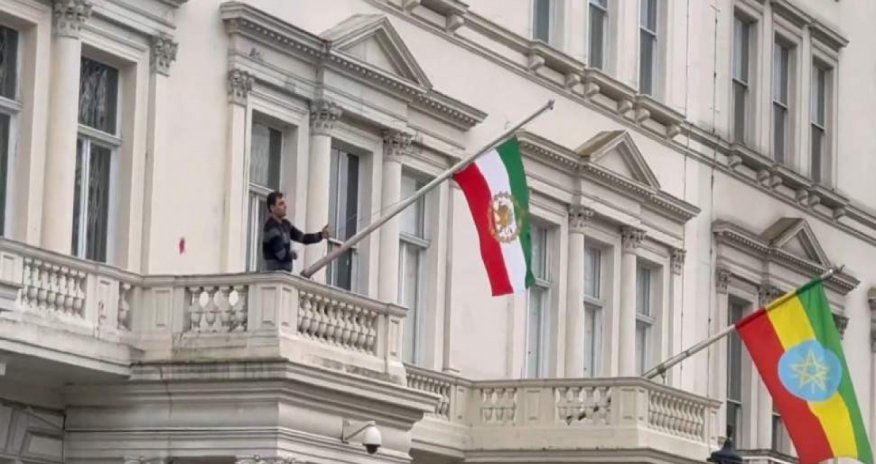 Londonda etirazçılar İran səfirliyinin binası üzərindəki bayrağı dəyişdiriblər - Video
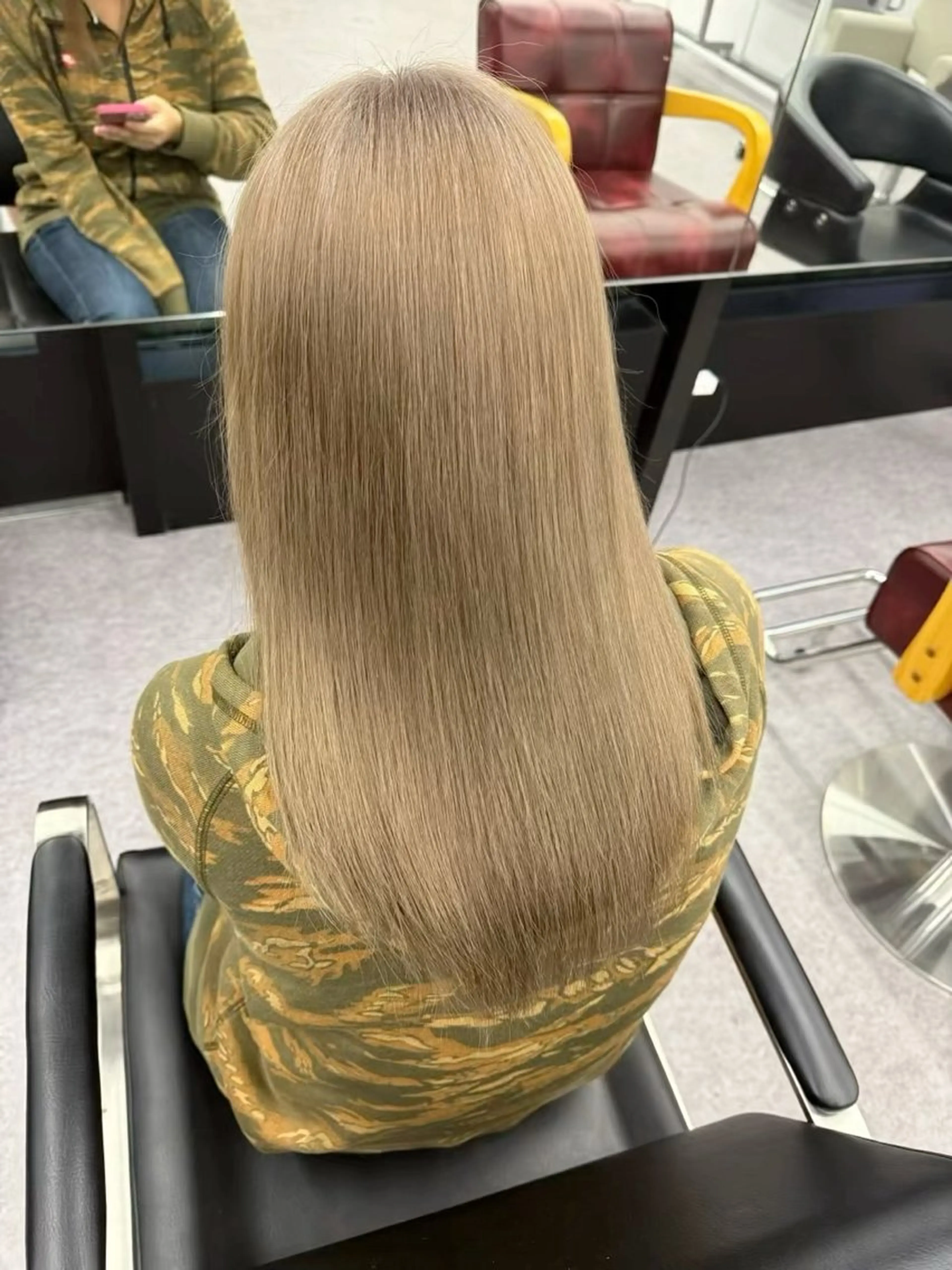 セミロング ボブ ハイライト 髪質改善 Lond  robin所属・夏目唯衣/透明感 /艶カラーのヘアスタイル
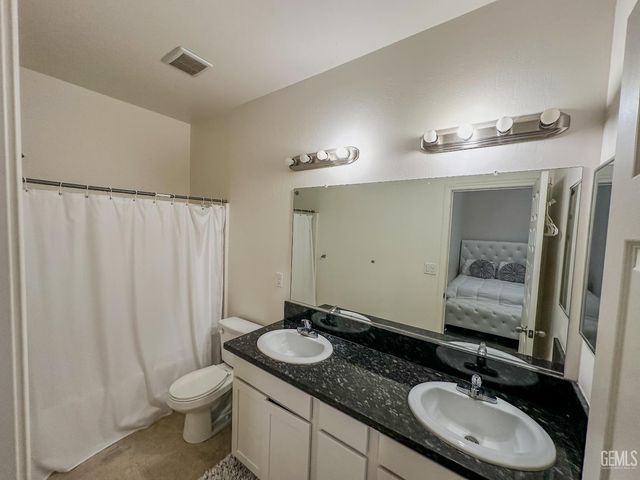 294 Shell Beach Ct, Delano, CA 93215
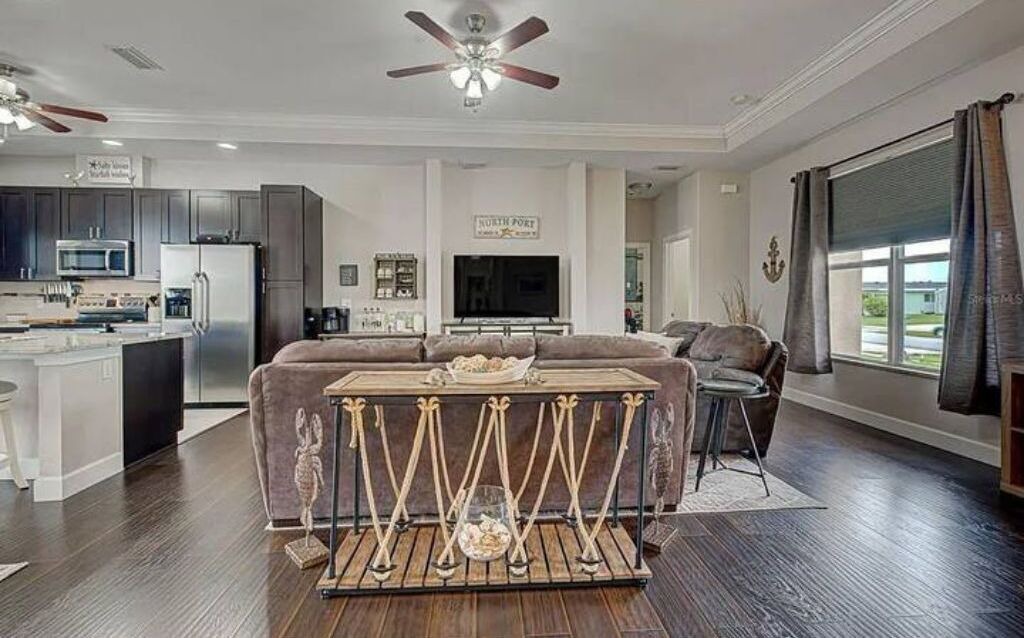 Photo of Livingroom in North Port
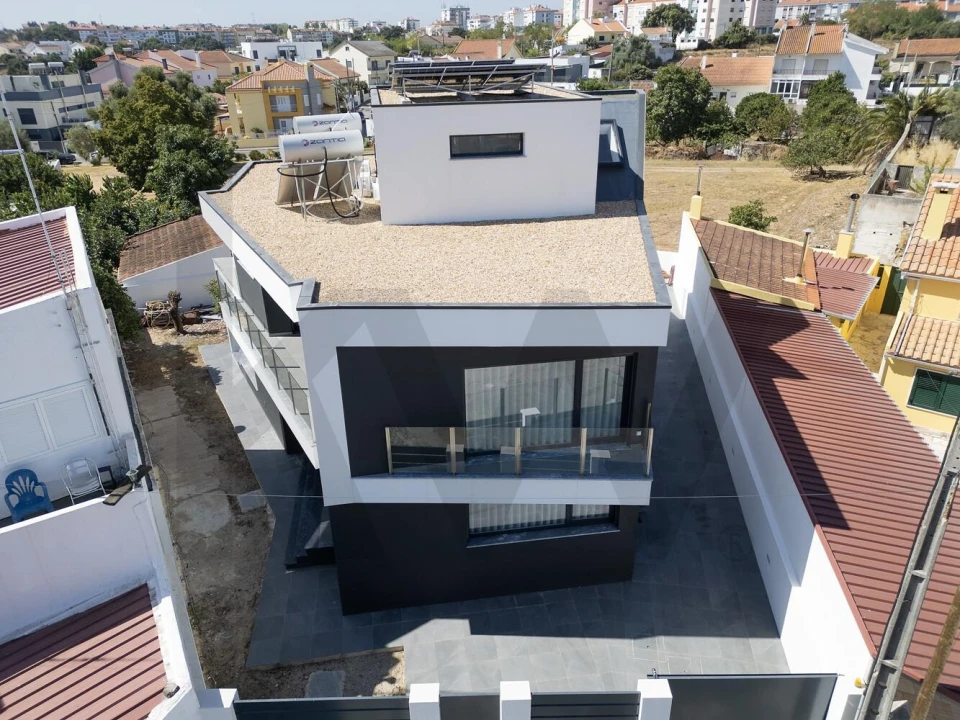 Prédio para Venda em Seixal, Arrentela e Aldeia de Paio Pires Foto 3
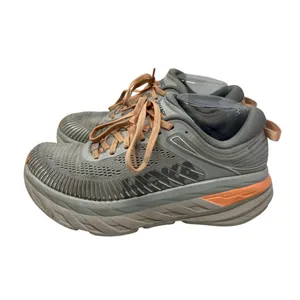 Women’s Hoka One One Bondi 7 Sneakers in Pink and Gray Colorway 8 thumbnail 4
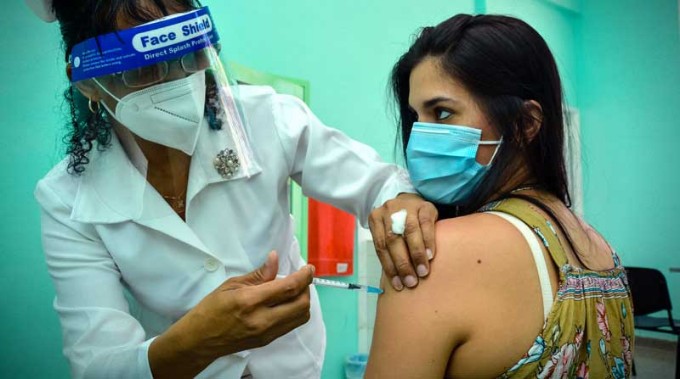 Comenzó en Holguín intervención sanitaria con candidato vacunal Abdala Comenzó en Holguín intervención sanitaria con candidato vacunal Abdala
● ● ●
Which lines run from the one containing "Photo of Livingroom in North Port" to the end of the data above? Set down those lines exactly, and only those, without any pictures.

TASK ANSWER:
 Photo of Livingroom in North Port
 Prédio para Venda em Seixal, Arrentela e Aldeia de Paio Pires Foto 3
 Women’s Hoka One One Bondi 7 Sneakers in Pink and Gray Colorway 8 thumbnail 4
 Comenzó en Holguín intervención sanitaria con candidato vacunal Abdala Comenzó en Holguín intervención sanitaria con candidato vacunal Abdala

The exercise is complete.